Yargıtay Ceza Genel Kurulunun Dairemizce de benimsenen (örneğin; 14.10.2021 günlü, 2021/2-35 esas ve 2021/473 sayılı kararında olduğu gibi) içtihatları uyarınca, suçun temel şeklinin cezası beş yıldan fazla olmamasına rağmen sanığa tatbiki istenen daha ağır cezayı gerektiren nitelikli hâl dikkate alındığında şüpheli veya sanık beş yıldan fazla bir ceza ile cezalandırılma tehdidiyle karşı karşıya olup ta avukatı yoksa şüpheli veya sanığa (mahkemesince) zorunlu olarak müdafii görevlendirilmesi gerekir.

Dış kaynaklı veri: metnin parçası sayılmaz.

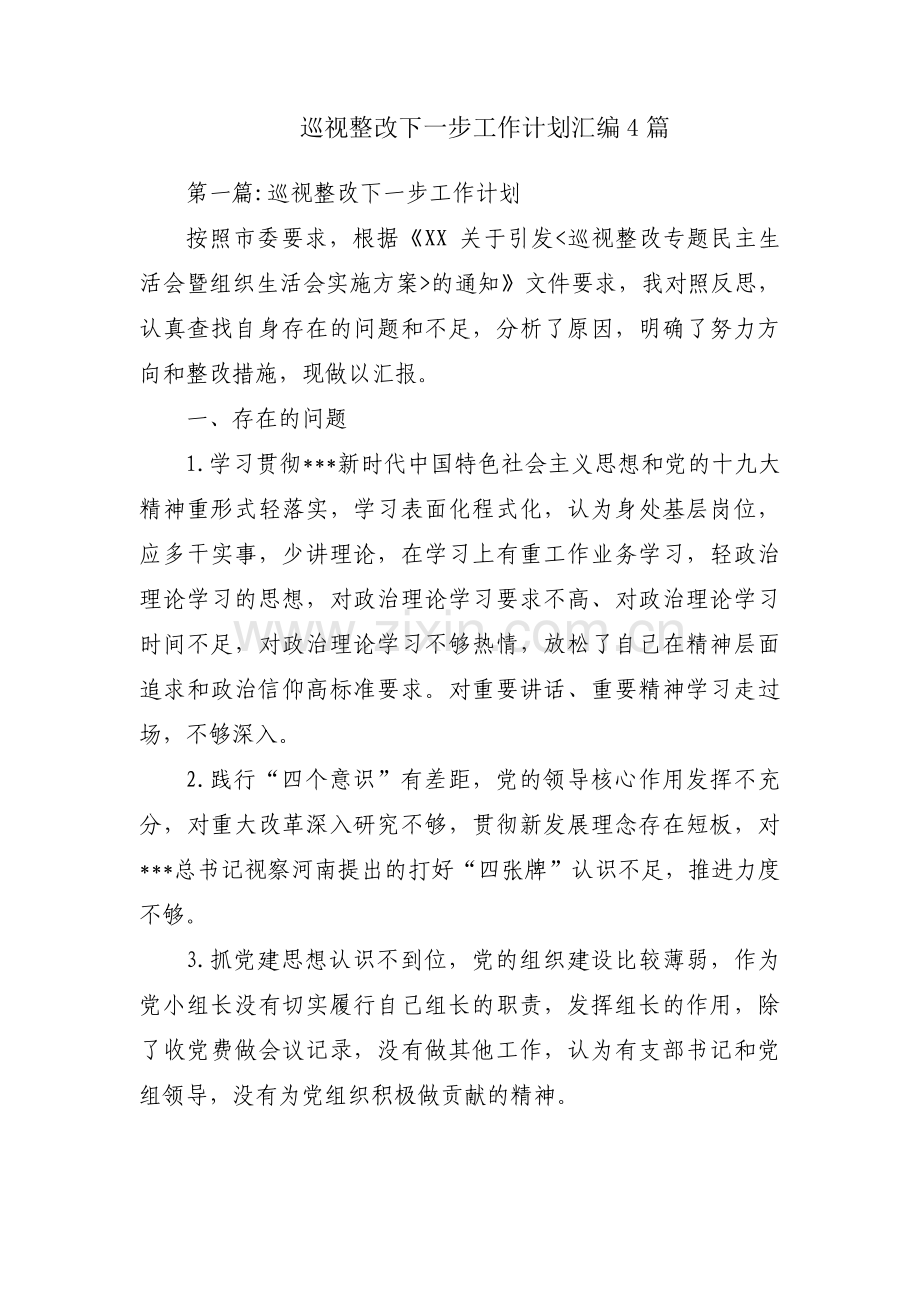 巡视整改下一步工作计划汇编4篇.pdf_第1页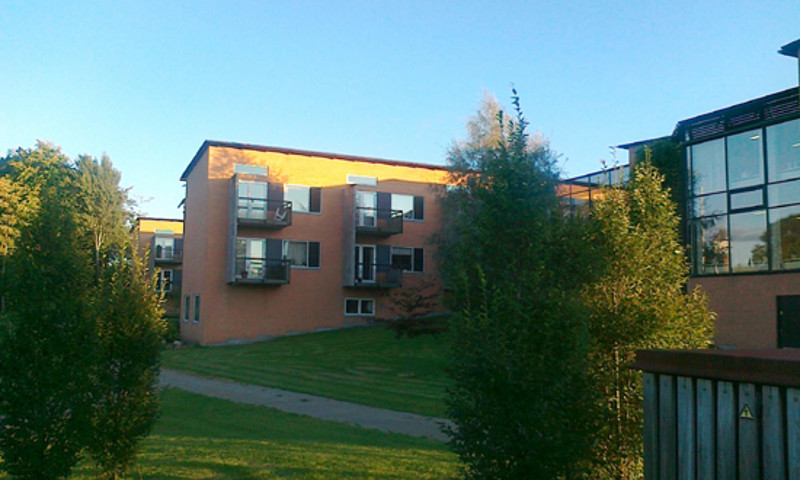 Billede af Engparkens bagside Billede af Engparkens bagside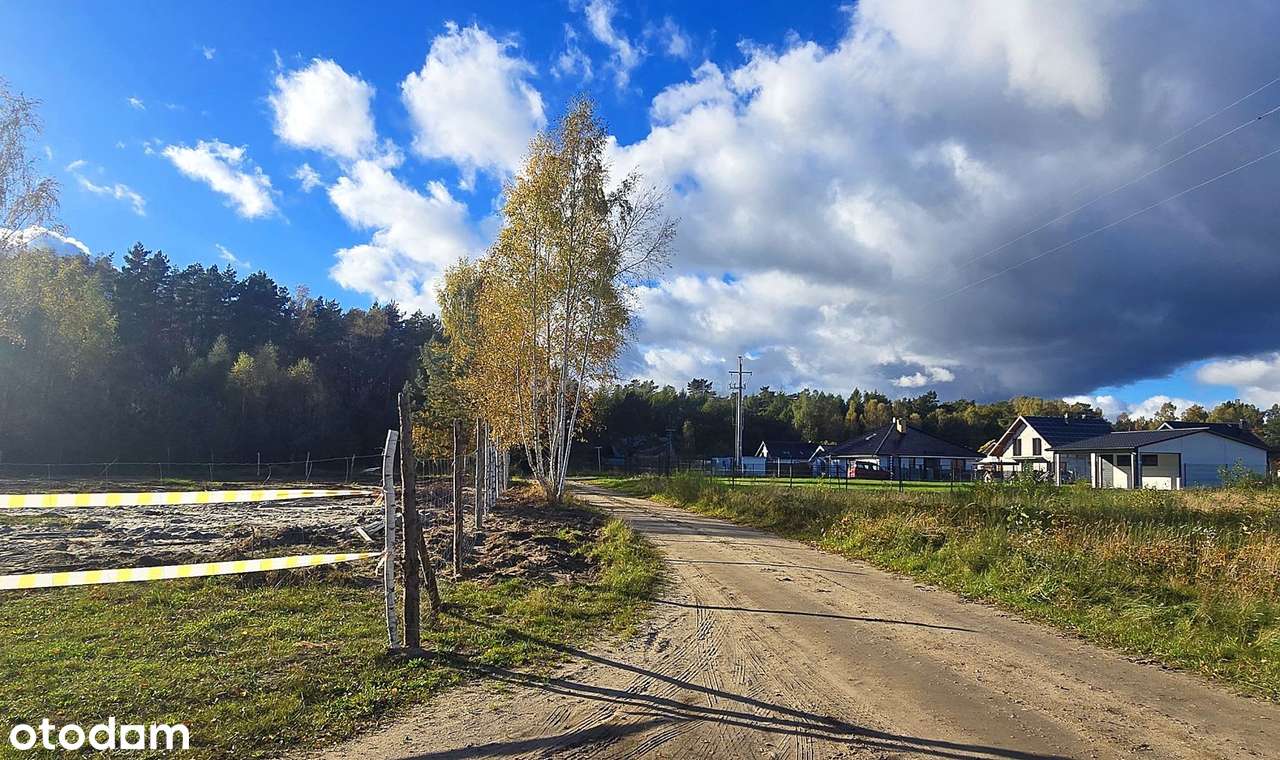 DUŻA DZIAŁKA NA GRANICY LASU Z WARUNKAMI ZABUDOWY - Pełny obrazek: 5/14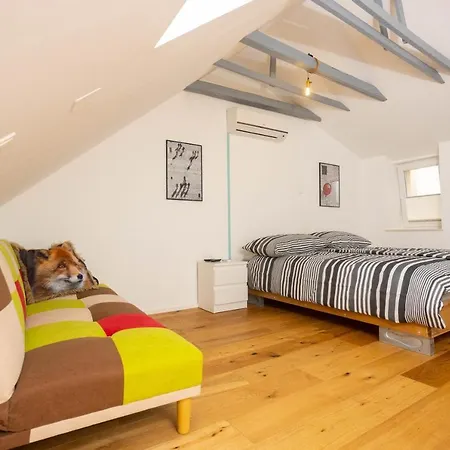 Zlatni Apartment Split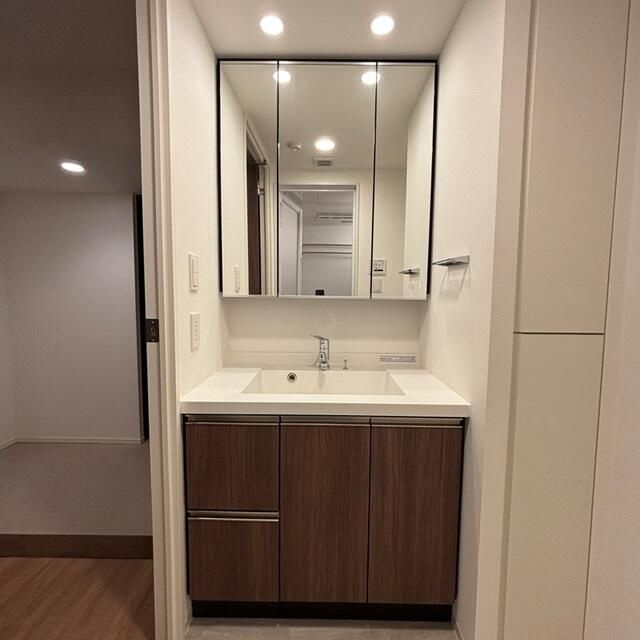 パークアクシス品川天王洲アイルの洗面所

Aynı şekilde Dairemize göre; Daha ağır cezayı gerektiren nitelikli hâl olmamakla birlikte, 5237 sayılı TCK’nın 37/2, 38/2. maddelerinde düzenlenen iştirak hükümleri uyarınca faile verilecek cezada yapılacak artırım sonucunda veya somut olayda olduğu gibi TCK’nın 43/1. maddesinde düzenlenen zincirleme suç hükümlerinin uygulanması hâlinde şüpheli veya sanık beş yıldan fazla bir ceza ile cezalandırılma tehdidiyle karşı karşıya olup ta avukatı yoksa şüpheli veya sanığa (mahkemesince) zorunlu olarak müdafii görevlendirilmesi gerekir.
Açıklanan nedenlerle;
TCK'nın 142/2-h ve 43/1. maddelerinde öngörülen ve zincirleme biçimde işlenen nitelikli hırsızlık suçunun gerektirdiği cezanın alt sınırı dikkate alınarak, 5271 sayılı CMK’nın 150/3. ve 196/2. maddeleri uyarınca sanığa zorunlu müdafii atanması gerektiği gözetilmeden, yargılamaya devam edilerek aynı Kanunun 188/1. ve 289/1-e maddelerine aykırı davranılması suretiyle savunma hakkının kısıtlanması,
Bozmayı gerektirmiş, sanığın temyiz istemi bu bakımdan yerinde görülmüş olduğundan, diğer yönleri incelenmeksizin hükmün öncelikle bu nedenle CMK'nın 302/2. maddesi uyarınca tebliğnameye aykırı olarak BOZULMASINA, CMK’nın 304/2-a maddesi gereğince dosyanın gereğinin ifası için ... 8.Asliye Ceza Mahkemesine, karardan bir örneğin ise ... Bölge Adliye Mahkemesi 7. Ceza Dairesine gönderilmek üzere Yargıtay Cumhuriyet Başsavcılığına iadesine, 5271 sayılı CMK'nın 307/5. maddesi uyarınca yeniden verilecek hükmün önceki hükümle belirlenmiş olan cezadan daha ağır olamayacağının gözetilmesine, 27.10.2022 tarihinde oy birliğiyle karar verildi.